The Sora generative AI combines diffusion models and Transformer models, the latter used to identify and find the relevant spacetime patches in context. Some argue that although Transformer models can manipulate natural language to a certain extent (the best case being ChatGPT), natural language cannot precisely express physics laws, hence the "globally reasonable, locally absurd" situations often seen in Sora videos. This also shows that Transformer models, while capable of learning local context, cannot learn global context.
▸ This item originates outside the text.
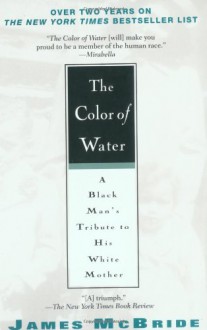 The Color of Water: A Black Man's Tribute to His White Mother - James McBride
This is the limitation of "probability-based" world models.
That's why Yann LeCun says, "The generation of mostly realistic-looking videos from prompts *does not* indicate that a system understands the physical world.Generation is very different from causal prediction from a world model.The space of plausible videos is very large, and a video generation system merely needs to produce *one* sample to succeed." This means that the "strike zone" for lifelike images is wide, and it's easy for Sora's creations to meet the general public's expectations of images.
Moreover, some point out that since it's unclear how different Sora's videos are from its training data, it's difficult to ascertain the Sora AI model's true capabilities.
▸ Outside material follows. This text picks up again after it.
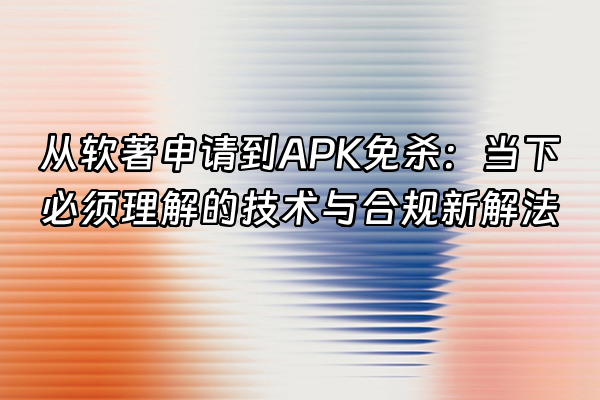 +从软著申请到APK免杀：当下必须理解的技术与合规新解法+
If Sora is a dead end, what is the way forward?
Yann LeCun believes it's V-JEPA (Joint Embedding Predictive Architecture, with V for Video), a non-generative predictive model that allows AI to understand the world by predicting missing or obscured parts in videos.
Researchers exposed the V-JEPA model to a series of videos with large areas obscured, challenging the predictor to fill in the missing parts within the context of only a small portion of the video content. It's important to note that the filling is not actual pixels but abstract descriptions in the representation space (as shown below).
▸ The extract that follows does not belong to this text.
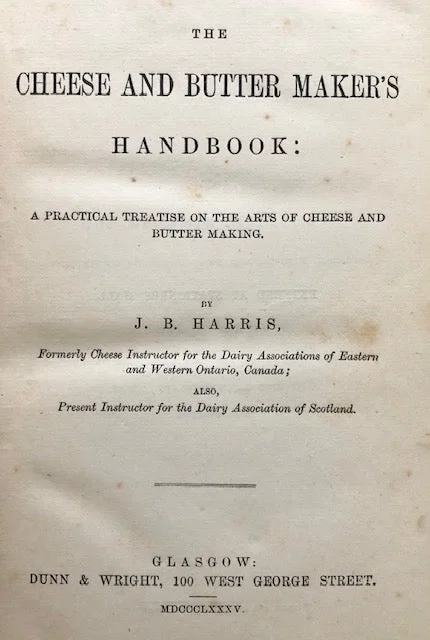 (Cheese & Butter) Harris, J.B. The Cheese and Butter Maker's Handbook: A Practical Treatise on the Arts of Cheese and Butter Making. 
If generative models like Sora are "filling in the corresponding real-world colors" on a blank coloring book, V-JEPA is predicting "what color should be" in the blank spaces.
In Meta's report, V-JEPA is likened to human infants: infants learn about the world by observing their surroundings, intuitively understanding that objects that rise must come down, without needing to spend hours reading books to reach this conclusion (as Sora's training method would).
Although V-JEPA's theoretical potential is shown in Meta's report, we have yet to see its results, making it difficult to judge the winner of this world model Holy Grail battle. However, Meta's release of the V-JEPA model under a CC BY-NC license to promote the development of the AI field does evoke déjà vu: the open Android versus closed iOS debate in the mobile industry years ago. Ironically, many believe that OpenAI has betrayed its original intention to benefit all of humanity, becoming one of the least open-source AI companies today, prompting Meta, IBM, and others to form the AI Alliance to counteract, with members including Hugging Face, Stability AI, Uber, and more.
In the end, the focus of this Holy Grail battle may not be on who wins, but on how these technologies are used to advance human society. This also reveals the tech giants' visions for the future: will it be developed behind closed doors relying on scale and massive data training, or will it be through sharing to foster innovation? Which side can safely develop artificial intelligence to promote the well-being of all humanity, rather than creating a dystopian future? This is a topic we should continue to think about and pay attention to.